Apesar de atuar há quase três décadas, a entidade tem, como principal desafio, a dificuldade de angariar recursos para manter os custos das iniciativas. A diretora pedagógica contou que parcerias com organizações, sobretudo internacionais, é o que tem ajudado a manter o instituto.
Prestes a se formar em Serviço Social pela Universidade Católica do Salvador (Ucsal), a estudante Débora dos Santos, 31, participou do projeto em 2014. “Todo espaço que vou sempre falo que Biko é precursora da mudança de vida da minha geração. Eu não sabia o que era Universidade. Tive formação política e construí minha identidade racial. No instituto, identificamos quem éramos e quem era o sistema opressor que atuava contra a gente”, contou.
Debate - A celebração dos 27 anos da entidade contou com palestras da socióloga Vanda de Sá Barreto, da economista Ana Georgina Dias, da mestra em Desenvolvimento e Gestão Social Benilda Brito e do presidente de honra da Biko, Sílvio Humberto.
Para o vereador Sílvio Humberto, os 27 anos da Biko serviram para transformar vidas de diferentes gerações. “O instituto começou a atrair a juventude e isto foi passando de geração em geração. A Biko é esse espaço que se alimenta da boa energia das pessoas. Como me disse Lázaro Ramos uma vez: a Biko torna as pessoas possíveis”, pontuou.
“O racismo é um campo organizado. Não é uma coisinha qualquer. Ele produz o preconceito e a discriminação racial, além do racismo estrutural, no âmbito do próprio estado”, ressaltou a socióloga Vanda de Sá Barreto, que parabenizou a Biko por ajudar “a romper com o retrocesso”.

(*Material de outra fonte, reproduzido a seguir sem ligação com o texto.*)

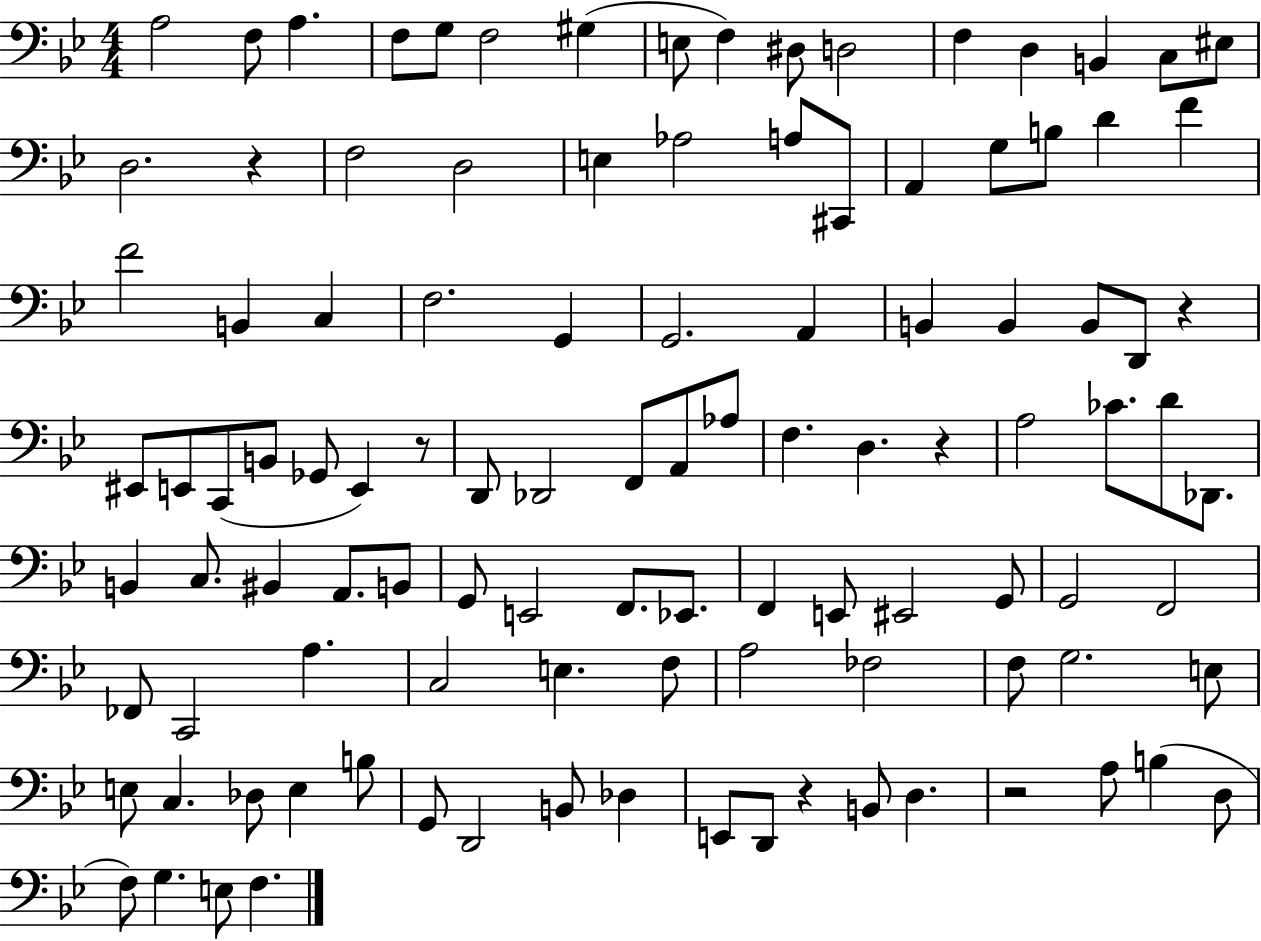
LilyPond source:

{
  \clef bass
  \numericTimeSignature
  \time 4/4
  \key bes \major
  a2 f8 a4. | f8 g8 f2 gis4( | e8 f4) dis8 d2 | f4 d4 b,4 c8 eis8 | \break d2. r4 | f2 d2 | e4 aes2 a8 cis,8 | a,4 g8 b8 d'4 f'4 | \break f'2 b,4 c4 | f2. g,4 | g,2. a,4 | b,4 b,4 b,8 d,8 r4 | \break eis,8 e,8 c,8( b,8 ges,8 e,4) r8 | d,8 des,2 f,8 a,8 aes8 | f4. d4. r4 | a2 ces'8. d'8 des,8. | \break b,4 c8. bis,4 a,8. b,8 | g,8 e,2 f,8. ees,8. | f,4 e,8 eis,2 g,8 | g,2 f,2 | \break fes,8 c,2 a4. | c2 e4. f8 | a2 fes2 | f8 g2. e8 | \break e8 c4. des8 e4 b8 | g,8 d,2 b,8 des4 | e,8 d,8 r4 b,8 d4. | r2 a8 b4( d8 | \break f8) g4. e8 f4. | \bar "|."
}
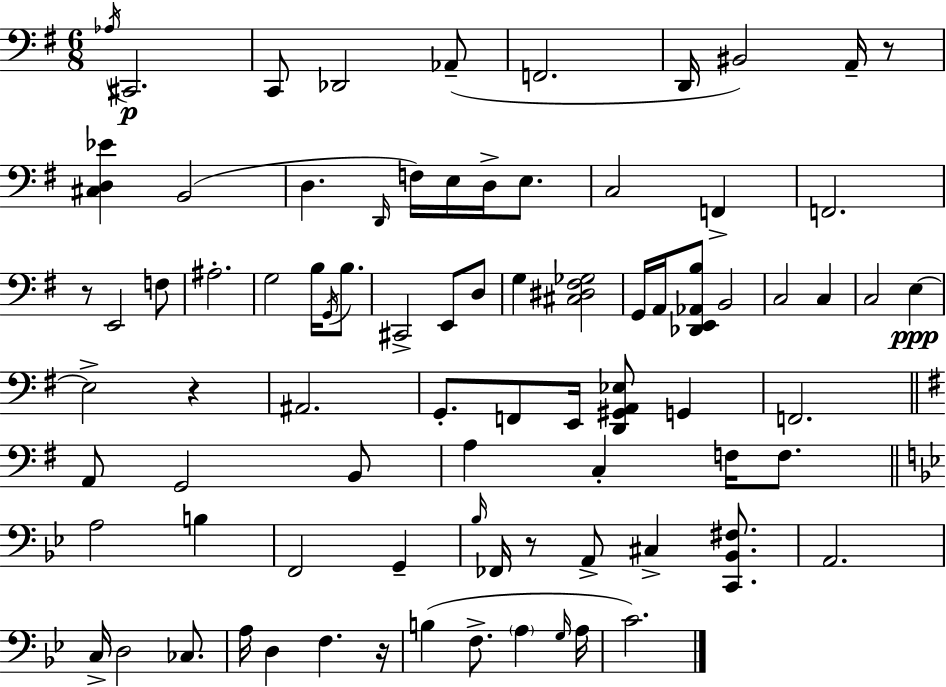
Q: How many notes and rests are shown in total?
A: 82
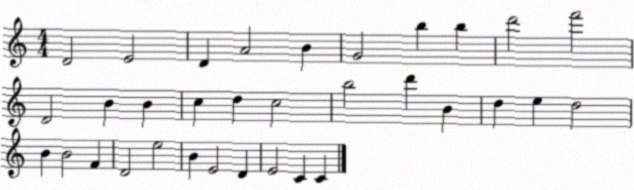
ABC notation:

X:1
T:Untitled
M:4/4
L:1/4
K:C
D2 E2 D A2 B G2 b b d'2 f'2 D2 B B c d c2 b2 d' B d e d2 B B2 F D2 e2 B E2 D E2 C C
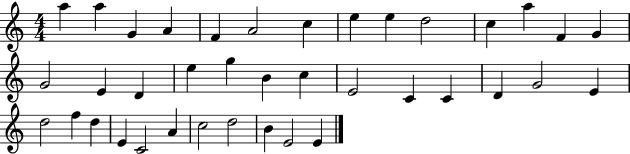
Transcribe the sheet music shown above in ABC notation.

X:1
T:Untitled
M:4/4
L:1/4
K:C
a a G A F A2 c e e d2 c a F G G2 E D e g B c E2 C C D G2 E d2 f d E C2 A c2 d2 B E2 E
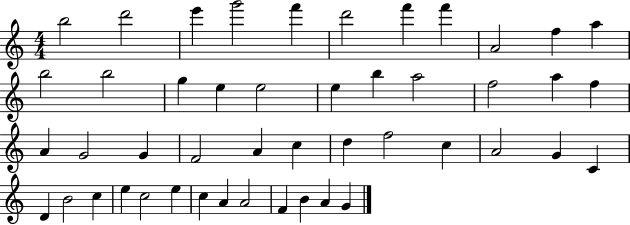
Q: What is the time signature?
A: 4/4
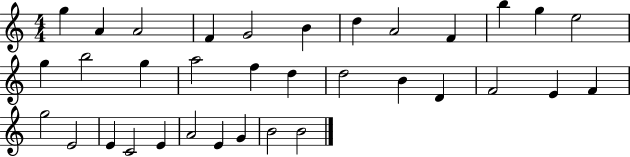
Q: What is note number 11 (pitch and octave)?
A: G5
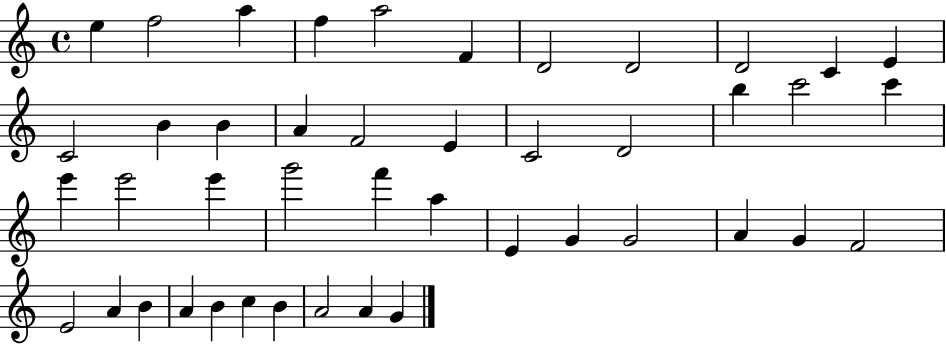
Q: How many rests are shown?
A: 0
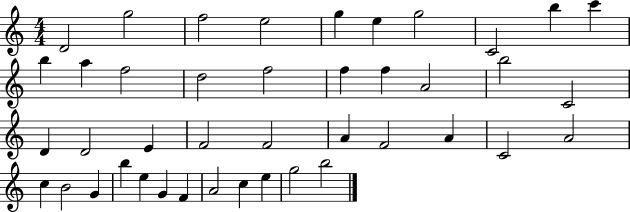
D4/h G5/h F5/h E5/h G5/q E5/q G5/h C4/h B5/q C6/q B5/q A5/q F5/h D5/h F5/h F5/q F5/q A4/h B5/h C4/h D4/q D4/h E4/q F4/h F4/h A4/q F4/h A4/q C4/h A4/h C5/q B4/h G4/q B5/q E5/q G4/q F4/q A4/h C5/q E5/q G5/h B5/h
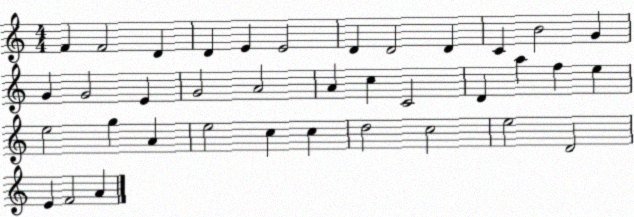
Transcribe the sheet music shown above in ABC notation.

X:1
T:Untitled
M:4/4
L:1/4
K:C
F F2 D D E E2 D D2 D C B2 G G G2 E G2 A2 A c C2 D a f e e2 g A e2 c c d2 c2 e2 D2 E F2 A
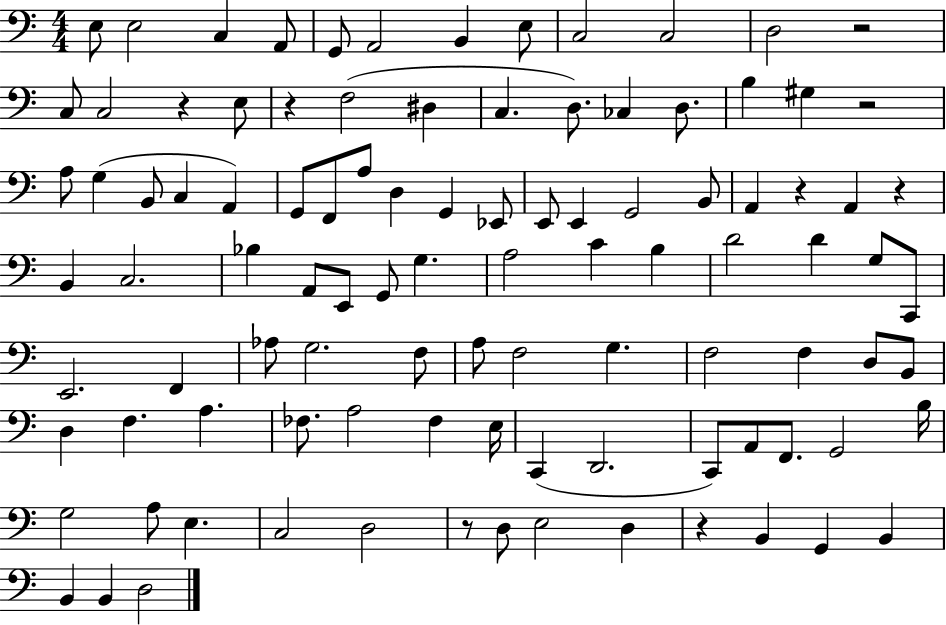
X:1
T:Untitled
M:4/4
L:1/4
K:C
E,/2 E,2 C, A,,/2 G,,/2 A,,2 B,, E,/2 C,2 C,2 D,2 z2 C,/2 C,2 z E,/2 z F,2 ^D, C, D,/2 _C, D,/2 B, ^G, z2 A,/2 G, B,,/2 C, A,, G,,/2 F,,/2 A,/2 D, G,, _E,,/2 E,,/2 E,, G,,2 B,,/2 A,, z A,, z B,, C,2 _B, A,,/2 E,,/2 G,,/2 G, A,2 C B, D2 D G,/2 C,,/2 E,,2 F,, _A,/2 G,2 F,/2 A,/2 F,2 G, F,2 F, D,/2 B,,/2 D, F, A, _F,/2 A,2 _F, E,/4 C,, D,,2 C,,/2 A,,/2 F,,/2 G,,2 B,/4 G,2 A,/2 E, C,2 D,2 z/2 D,/2 E,2 D, z B,, G,, B,, B,, B,, D,2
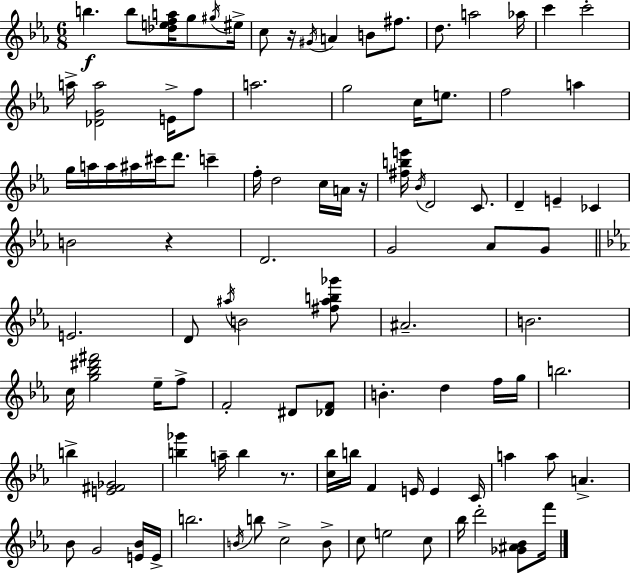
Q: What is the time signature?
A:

A economista Ana Georgina Dias contou que, quando se formou, era a única negra na turma de Economia da Universidade de Brasília (UnB). “A ascensão de uma pessoa negra é mais difícil que de uma branca. O racismo não é sutil. Basta se debruçar sobre qualquer indicador”, afirmou.
Na programação, houve, também, a participação da banda Muza e desfile Bikud@s na Moda, com seis empreendimentos negros que vêm se desenvolvendo hoje. no mercado Maria de Biquini, Xeidiarte, Preta Estampa, Bate Papo com Ibejis, Agudá Moda & Artes, Cantinho da Preta foram as iniciativas que desfilaram no local. Além de divulgar a capacidade criativa de empreendedores negros e negras, o Desfile teve a função de captar recursos para o desenvolvimento dos projetos do instituto cultural Steve Biko.
“Foi a partir da Biko que me tornei o que sou hoje”, ressaltou a estudante de Psicologia e produtora cultural Daniela Santos. Ela foi uma das empreendedoras que tiveram seus produtos expostos no desfile. “Criamos a linha de produtos Ibejis para poder manter nosso projeto com crianças em terreiros que temos há sete anos. Os produtos, bolsas e camisas, vendemos dentro do próprio projeto e em feiras”, finalizou.
Com a celebração desta quarta (31), o Instituto Steve Biko chega mais próximo de três décadas de formação educacional, racial, social e cultural de uma juventude que o país espera o mínimo, mas que na Biko a meta é sempre o máximo. E mais um pouco.